> [Given records]:
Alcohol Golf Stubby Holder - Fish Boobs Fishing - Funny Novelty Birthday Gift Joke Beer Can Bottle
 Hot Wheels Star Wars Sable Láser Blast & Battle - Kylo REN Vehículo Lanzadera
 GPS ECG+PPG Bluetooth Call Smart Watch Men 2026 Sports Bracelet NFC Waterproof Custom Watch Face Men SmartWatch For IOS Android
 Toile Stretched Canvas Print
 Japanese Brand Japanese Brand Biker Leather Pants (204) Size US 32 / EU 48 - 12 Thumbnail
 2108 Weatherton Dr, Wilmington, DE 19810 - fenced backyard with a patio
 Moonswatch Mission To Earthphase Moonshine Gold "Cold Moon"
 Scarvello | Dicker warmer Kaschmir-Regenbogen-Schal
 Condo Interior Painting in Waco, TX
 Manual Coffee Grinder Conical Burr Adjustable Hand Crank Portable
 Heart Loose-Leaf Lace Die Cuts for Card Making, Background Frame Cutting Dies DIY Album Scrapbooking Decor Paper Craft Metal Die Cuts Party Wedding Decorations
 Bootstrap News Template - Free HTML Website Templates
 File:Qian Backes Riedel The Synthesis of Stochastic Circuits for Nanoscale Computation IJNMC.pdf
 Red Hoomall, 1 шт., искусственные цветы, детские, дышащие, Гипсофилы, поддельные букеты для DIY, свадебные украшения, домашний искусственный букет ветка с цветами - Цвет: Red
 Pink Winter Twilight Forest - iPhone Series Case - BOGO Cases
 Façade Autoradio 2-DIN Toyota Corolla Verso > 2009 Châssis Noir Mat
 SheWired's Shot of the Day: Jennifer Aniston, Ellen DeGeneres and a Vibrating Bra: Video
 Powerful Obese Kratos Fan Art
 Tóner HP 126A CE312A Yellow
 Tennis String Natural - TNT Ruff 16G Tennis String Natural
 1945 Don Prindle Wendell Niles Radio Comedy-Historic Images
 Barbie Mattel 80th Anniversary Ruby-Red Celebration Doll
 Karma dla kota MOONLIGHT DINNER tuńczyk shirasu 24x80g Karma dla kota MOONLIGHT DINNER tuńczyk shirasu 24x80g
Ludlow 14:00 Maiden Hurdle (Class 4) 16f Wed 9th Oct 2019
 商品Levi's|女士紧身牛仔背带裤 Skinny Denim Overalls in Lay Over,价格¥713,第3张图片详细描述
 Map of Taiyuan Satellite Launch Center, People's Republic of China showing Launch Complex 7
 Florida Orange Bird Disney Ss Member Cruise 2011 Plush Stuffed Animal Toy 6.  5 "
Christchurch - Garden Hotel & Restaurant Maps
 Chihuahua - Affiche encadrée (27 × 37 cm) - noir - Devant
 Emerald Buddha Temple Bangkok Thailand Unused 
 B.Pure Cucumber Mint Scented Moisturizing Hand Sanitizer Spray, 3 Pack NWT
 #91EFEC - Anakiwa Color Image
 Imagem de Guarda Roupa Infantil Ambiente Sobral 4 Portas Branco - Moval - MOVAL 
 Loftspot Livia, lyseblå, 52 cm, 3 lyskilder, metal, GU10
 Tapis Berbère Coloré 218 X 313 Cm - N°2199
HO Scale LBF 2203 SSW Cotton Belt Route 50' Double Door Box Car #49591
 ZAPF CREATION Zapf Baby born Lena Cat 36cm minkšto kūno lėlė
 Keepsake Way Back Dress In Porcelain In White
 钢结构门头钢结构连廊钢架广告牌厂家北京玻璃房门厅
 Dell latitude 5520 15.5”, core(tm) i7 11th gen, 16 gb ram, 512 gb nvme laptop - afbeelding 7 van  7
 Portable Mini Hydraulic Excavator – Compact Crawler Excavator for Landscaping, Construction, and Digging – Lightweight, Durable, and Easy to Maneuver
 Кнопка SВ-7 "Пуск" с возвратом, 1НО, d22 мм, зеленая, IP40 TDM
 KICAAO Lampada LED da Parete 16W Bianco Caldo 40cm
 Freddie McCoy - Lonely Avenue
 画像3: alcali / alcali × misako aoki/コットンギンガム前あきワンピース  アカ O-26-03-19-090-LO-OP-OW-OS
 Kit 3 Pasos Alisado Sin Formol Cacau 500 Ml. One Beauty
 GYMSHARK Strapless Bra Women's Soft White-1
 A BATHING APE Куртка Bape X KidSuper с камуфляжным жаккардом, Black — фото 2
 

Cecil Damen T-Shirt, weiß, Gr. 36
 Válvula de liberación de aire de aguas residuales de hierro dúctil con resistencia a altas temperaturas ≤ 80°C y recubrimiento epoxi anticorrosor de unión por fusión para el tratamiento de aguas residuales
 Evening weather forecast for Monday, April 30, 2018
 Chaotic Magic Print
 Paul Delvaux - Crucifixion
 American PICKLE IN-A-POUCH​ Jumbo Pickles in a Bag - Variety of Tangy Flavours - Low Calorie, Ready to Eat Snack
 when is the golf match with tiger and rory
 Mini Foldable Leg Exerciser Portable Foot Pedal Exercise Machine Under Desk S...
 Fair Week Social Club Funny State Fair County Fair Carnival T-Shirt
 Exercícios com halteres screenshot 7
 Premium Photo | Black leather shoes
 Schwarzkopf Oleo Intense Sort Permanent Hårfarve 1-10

> [Task instructions]: Provide a faithful, complete copy of the entries above.

> [Exercise result]:
Alcohol Golf Stubby Holder - Fish Boobs Fishing - Funny Novelty Birthday Gift Joke Beer Can Bottle
 Hot Wheels Star Wars Sable Láser Blast & Battle - Kylo REN Vehículo Lanzadera
 GPS ECG+PPG Bluetooth Call Smart Watch Men 2026 Sports Bracelet NFC Waterproof Custom Watch Face Men SmartWatch For IOS Android
 Toile Stretched Canvas Print
 Japanese Brand Japanese Brand Biker Leather Pants (204) Size US 32 / EU 48 - 12 Thumbnail
 2108 Weatherton Dr, Wilmington, DE 19810 - fenced backyard with a patio
 Moonswatch Mission To Earthphase Moonshine Gold "Cold Moon"
 Scarvello | Dicker warmer Kaschmir-Regenbogen-Schal
 Condo Interior Painting in Waco, TX
 Manual Coffee Grinder Conical Burr Adjustable Hand Crank Portable
 Heart Loose-Leaf Lace Die Cuts for Card Making, Background Frame Cutting Dies DIY Album Scrapbooking Decor Paper Craft Metal Die Cuts Party Wedding Decorations
 Bootstrap News Template - Free HTML Website Templates
 File:Qian Backes Riedel The Synthesis of Stochastic Circuits for Nanoscale Computation IJNMC.pdf
 Red Hoomall, 1 шт., искусственные цветы, детские, дышащие, Гипсофилы, поддельные букеты для DIY, свадебные украшения, домашний искусственный букет ветка с цветами - Цвет: Red
 Pink Winter Twilight Forest - iPhone Series Case - BOGO Cases
 Façade Autoradio 2-DIN Toyota Corolla Verso > 2009 Châssis Noir Mat
 SheWired's Shot of the Day: Jennifer Aniston, Ellen DeGeneres and a Vibrating Bra: Video
 Powerful Obese Kratos Fan Art
 Tóner HP 126A CE312A Yellow
 Tennis String Natural - TNT Ruff 16G Tennis String Natural
 1945 Don Prindle Wendell Niles Radio Comedy-Historic Images
 Barbie Mattel 80th Anniversary Ruby-Red Celebration Doll
 Karma dla kota MOONLIGHT DINNER tuńczyk shirasu 24x80g Karma dla kota MOONLIGHT DINNER tuńczyk shirasu 24x80g
Ludlow 14:00 Maiden Hurdle (Class 4) 16f Wed 9th Oct 2019
 商品Levi's|女士紧身牛仔背带裤 Skinny Denim Overalls in Lay Over,价格¥713,第3张图片详细描述
 Map of Taiyuan Satellite Launch Center, People's Republic of China showing Launch Complex 7
 Florida Orange Bird Disney Ss Member Cruise 2011 Plush Stuffed Animal Toy 6.  5 "
Christchurch - Garden Hotel & Restaurant Maps
 Chihuahua - Affiche encadrée (27 × 37 cm) - noir - Devant
 Emerald Buddha Temple Bangkok Thailand Unused 
 B.Pure Cucumber Mint Scented Moisturizing Hand Sanitizer Spray, 3 Pack NWT
 #91EFEC - Anakiwa Color Image
 Imagem de Guarda Roupa Infantil Ambiente Sobral 4 Portas Branco - Moval - MOVAL 
 Loftspot Livia, lyseblå, 52 cm, 3 lyskilder, metal, GU10
 Tapis Berbère Coloré 218 X 313 Cm - N°2199
HO Scale LBF 2203 SSW Cotton Belt Route 50' Double Door Box Car #49591
 ZAPF CREATION Zapf Baby born Lena Cat 36cm minkšto kūno lėlė
 Keepsake Way Back Dress In Porcelain In White
 钢结构门头钢结构连廊钢架广告牌厂家北京玻璃房门厅
 Dell latitude 5520 15.5”, core(tm) i7 11th gen, 16 gb ram, 512 gb nvme laptop - afbeelding 7 van  7
 Portable Mini Hydraulic Excavator – Compact Crawler Excavator for Landscaping, Construction, and Digging – Lightweight, Durable, and Easy to Maneuver
 Кнопка SВ-7 "Пуск" с возвратом, 1НО, d22 мм, зеленая, IP40 TDM
 KICAAO Lampada LED da Parete 16W Bianco Caldo 40cm
 Freddie McCoy - Lonely Avenue
 画像3: alcali / alcali × misako aoki/コットンギンガム前あきワンピース  アカ O-26-03-19-090-LO-OP-OW-OS
 Kit 3 Pasos Alisado Sin Formol Cacau 500 Ml. One Beauty
 GYMSHARK Strapless Bra Women's Soft White-1
 A BATHING APE Куртка Bape X KidSuper с камуфляжным жаккардом, Black — фото 2
 

Cecil Damen T-Shirt, weiß, Gr. 36
 Válvula de liberación de aire de aguas residuales de hierro dúctil con resistencia a altas temperaturas ≤ 80°C y recubrimiento epoxi anticorrosor de unión por fusión para el tratamiento de aguas residuales
 Evening weather forecast for Monday, April 30, 2018
 Chaotic Magic Print
 Paul Delvaux - Crucifixion
 American PICKLE IN-A-POUCH​ Jumbo Pickles in a Bag - Variety of Tangy Flavours - Low Calorie, Ready to Eat Snack
 when is the golf match with tiger and rory
 Mini Foldable Leg Exerciser Portable Foot Pedal Exercise Machine Under Desk S...
 Fair Week Social Club Funny State Fair County Fair Carnival T-Shirt
 Exercícios com halteres screenshot 7
 Premium Photo | Black leather shoes
 Schwarzkopf Oleo Intense Sort Permanent Hårfarve 1-10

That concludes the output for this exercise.